Fireside enjoyments, home-born happiness,
And all the comforts that… the hours
Of long uninterrupted evening know.
 
Hello and Happy New Year!
After the busyness of celebrating the holidays and closing out the old year, we oftentimes find ourselves, along with our children, experiencing a sense of “tiredness”. The winter season with its cold and bleak days only enhances this feeling. Rather than looking at this feeling of tiredness in a negative way, it’s important for us to recognize it as a significant time of contraction. It is a time for all of us to turn inwardly and reflect within.
Perhaps some of the ways we can help our children through this time of contraction is by doing quiet activities together that do not require a lot of expansiveness. Reading chapter books together, creating a time for educational board games, completing a jigsaw puzzle by the fireside, writing letters to friends and extended family members, singing songs in the evening, drawing pictures for special loved ones, doing rhythmical handwork projects, or just staying close to home are all perfect examples for exploring one’s inner feelings. Then as the “tiredness” wears off, the academics will be easier to incorporate into the school lessons in a more formal manner. Before we know it, springtime and boundless energy will once again renew our lives, and we will be so thankful that we took the time for ourselves and for our children to experience that “quietness” within.
I hope this new year of 2017 brings many blessings to you and your family.

Winter, Contraction, and Frustration

“Every moment and every event of every man’s life plants something in his soul. For just as the wind carries thousands of winged seeds, so each moment brings with it germs of vitality that come to rest imperceptibly in the minds and wills of men. Most of these unnumbered seeds perish and are lost, because men are not prepared to receive them. For such seeds as these cannot spring up anywhere, except in the good soil of freedom, spontaneity, and love.” ~ Thomas Merton

For those who live in the northern hemisphere, the months of January and February bring us to a midpoint of the winter season, where we find ourselves experiencing drastic changes in weather and with focus. It is a time of contraction, in which we turn inwardly and reflect within. Often times, this season can also initiate a sense of tiredness and discouragement. Even our children’s attitudes can begin to disintegrate, and the enthusiasm during the first few months of school starts to wear off.

Since 1986, I have had the great honor and privilege to know and work with Oak Meadow’s co-founder, Lawrence Williams. Over the years, I have developed an amazing respect for his boundless wisdom and timeless energy in providing a quality education for homeschool families. I have also collected a plethora of articles written by Lawrence. So, “from the archives,” I have the pleasure of offering his timely article on:

Winter, Contraction and Frustration

Now that we are in a new year, and in the midst of winter, let’s stop for a moment to consider what effect this is having upon our children, the learning process, and us.

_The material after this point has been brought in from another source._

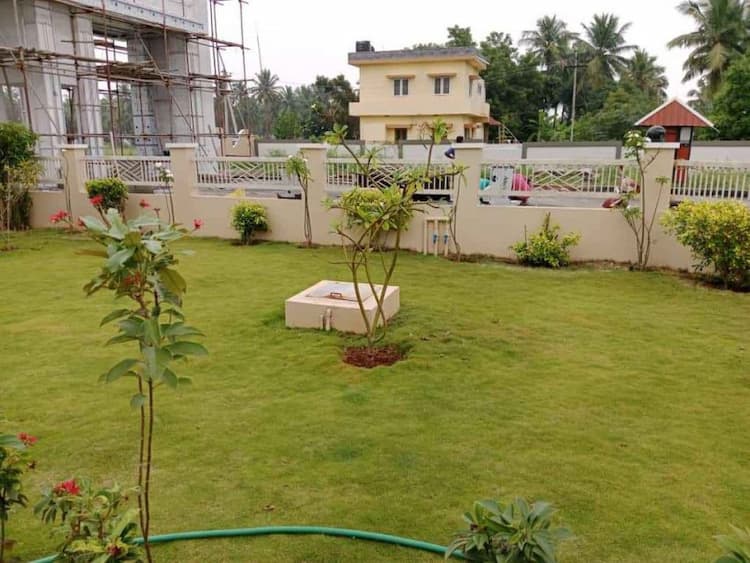 viruksha gardan amyon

The learning process has two phases: expansion and contraction. These same phases are also apparent in the seasons of the year. The season in which we are presently immersed, winter, is the season when the forces of contraction are prevailing.

The predominant effect of the contractive phase is the feeling of being closed in, and the feeling that nothing is moving. In terms of the learning process, we often feel that our children are not making any progress, and we begin to doubt our effectiveness as teachers. Of course, this closed in feeling is much more apparent in the extreme northern latitudes, where the temperature is much colder, and snow covers the ground for most of the year. However, even if we are living further south, we still experience this sensation, although its effect is modified somewhat, and it tends to become a more subtle inner experience, rather than an outer obstacle.

Another effect, which is most fascinating, is that during the contractive phase, things do not appear as they really are. The same thing is occurring in nature. If we didn’t know any better, and just arrived on this planet without an instruction manual (a familiar feeling?), we would look at the barren trees and the frozen ground and would suspect that everything was dead, with no chance of revival. However, since we’ve lived through many winters, we know that things are not as they appear. Underneath the surface of the earth wonderful things are happening and in a few months life will spring forth again, and everything will be green and growing profusely.

So the most important thing to remember while teaching children in the midst of the contraction of winter is that, while it looks as if nothing is happening, it is only because everything is happening under the surface. However bleak it may look, however hopeless your children’s progress may seem, however many times you feel as if you are totally frustrated, just remember that it is not really that way. Within your children, just as within nature, marvelous things are happening at this moment, and in a few months the growth that is occurring will become apparent, as we move into the phase of expansion, when all things become visible.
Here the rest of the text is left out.